This work investigates the out-of-distribution transfer capability of pretrained foundation models for partial differential equations (PDEs) in extreme material dynamics involving nonsmooth fields—such as shock waves, interface evolution, and fracture—where such generalization remains unclear. The authors propose a unified end-state prediction paradigm that directly maps initial snapshots to final states without requiring intermediate supervision. Systematic evaluations are conducted on two canonical discontinuity-dominated problems, PLI and FRAC. Leveraging the open-source models POSEIDON and MORPH, experiments combining fine-tuning and from-scratch training strategies demonstrate that, under few-shot conditions, pretrained models significantly outperform models trained from scratch, thereby confirming their high sample efficiency and effective transferability in extreme loading scenarios.

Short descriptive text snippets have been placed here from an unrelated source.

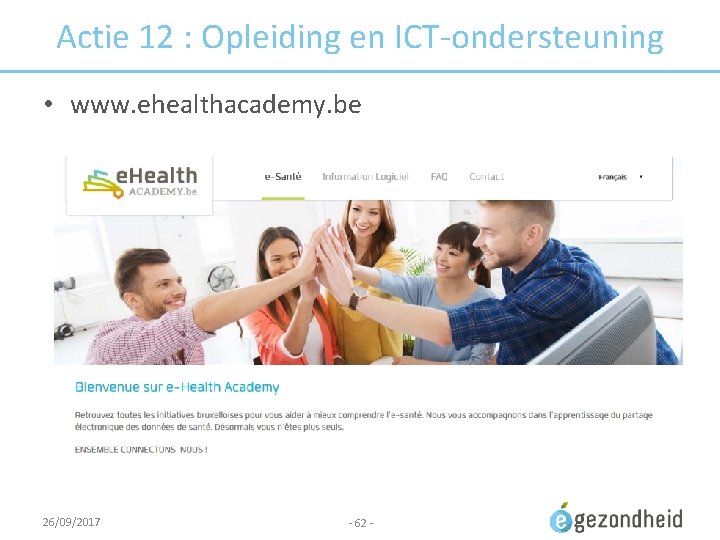 Actie 12 : Opleiding en ICT-ondersteuning • www. ehealthacademy. be 26/09/2017 - 62 -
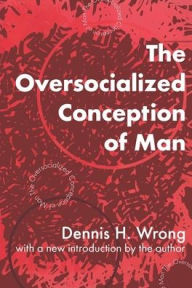 Title: The Oversocialized Conception of Man, Author: Dennis H. Wrong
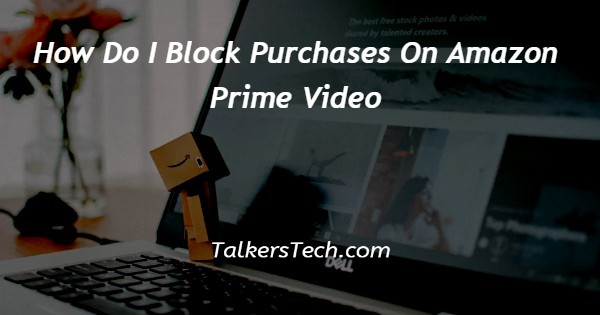 How Do I Block Purchases On  Prime Video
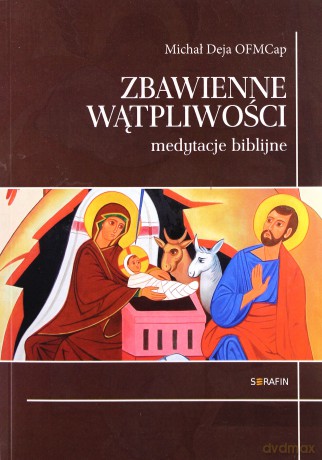 Zbawienne wątpliwości. Medytacje biblijne - Michał Deja OFMCap [KSIĄŻKA]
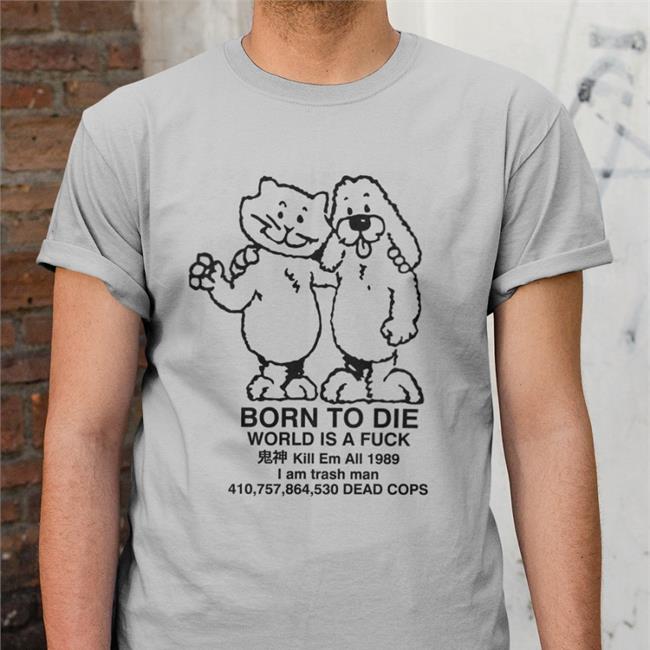 Ro Ramdin Born To Die World Is A Fuck Kill Em All 1989 I Am Trash Man 410,757,864,530 Dead Cops T-Shirt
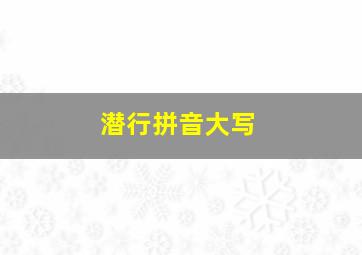 潜行拼音大写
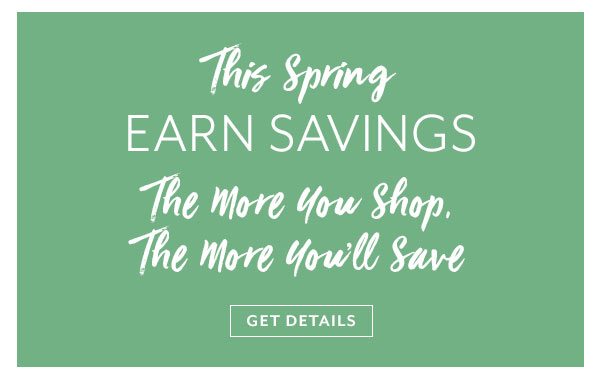 Earn Spring Savings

Most PDE foundation models are pretrained and fine-tuned on fluid-centric benchmarks. Their utility under extreme-loading material dynamics remains unclear. We benchmark out-of-distribution transfer on two discontinuity-dominated regimes in which shocks, evolving interfaces, and fracture produce highly non-smooth fields: shock-driven multi-material interface dynamics (perturbed layered interface or PLI) and dynamic fracture/failure evolution (FRAC). We formulate the downstream task as terminal-state prediction, i.e., learning a long-horizon map that predicts the final state directly from the first snapshot without intermediate supervision. Using a unified training and evaluation protocol, we evaluate two open-source pretrained PDE foundation models, POSEIDON and MORPH, and compare fine-tuning from pretrained weights against training from scratch across training-set sizes to quantify sample efficiency under distribution shift.